I enjoyed this book and it will definitely influence my personal evangelism and discipleship.

- Amazing data. Kinnaman lives and works with statistics and it shows. Hits book convinced me more than ever before that there is a meaningfully significant religious gap among people my age.
- Valid analysis. Unlike Ken Ham's Already Gone, the conclusions Kinnaman draws are generally spot-on. I particularly appreciated his fair, balanced analysis of generation gap, recognizing that it happens but not capitulating to it either. He suggests a biblically accurate corrective - we need each other and should be cultivating mutually challenging relationships with discipleship from older believers to younger.
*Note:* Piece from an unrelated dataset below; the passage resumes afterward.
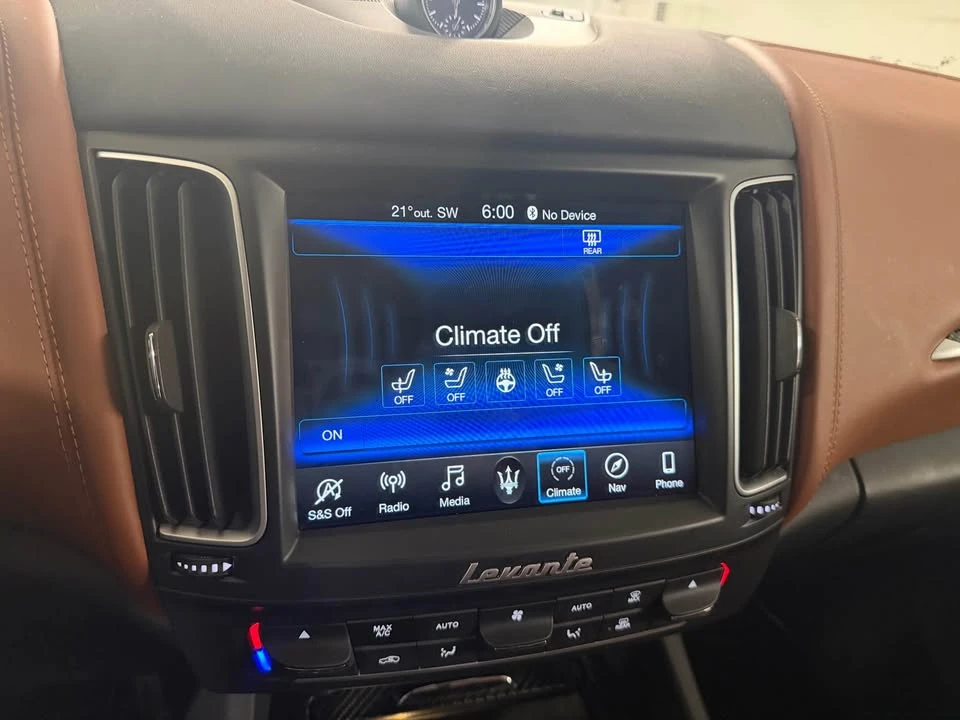 2020 Maserati Levante - Image 16 of 20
- Underweighting the family. Ham wants to say that we lost our kids because we didn't teach young- earth creationism. Kinnaman is concerned about doing church better. Both conclusions make sense if you understand what they do. Kinnaman is definitely closer to the truth, but I do think our families is probably where it starts. Until parents are exemplifying truly gospel-inspired and gospel dictated lives, kids won't stick with us, no matter what our churches do.
- Too open. Kinnaman purposefully writes to a large audience, including both evangelicals and Catholics. The 50 suggestions at the end include some interesting characters. It would be nice if the viewpoint were a little more conservative but that could be said of most books.

My biggest concern: I'm not against being strategic in our awareness of what's happening or attempts to respond. But our ultimate confidence for the future of the church must always be in the power of the preached Word and the conviction of the Spirit. I think Kinnaman does a good job of drawing us back to biblical correctives for the patterns of depravity appearing in the church. I would be a little concerned, however at some readers might interpret this as a guide for "doing church" more strategically and that is all. This book will help you the most if you read the data, let it introduce you to the problem before us, and then let it drive you to faithful Christian living built on the foundation of the proclaimed word.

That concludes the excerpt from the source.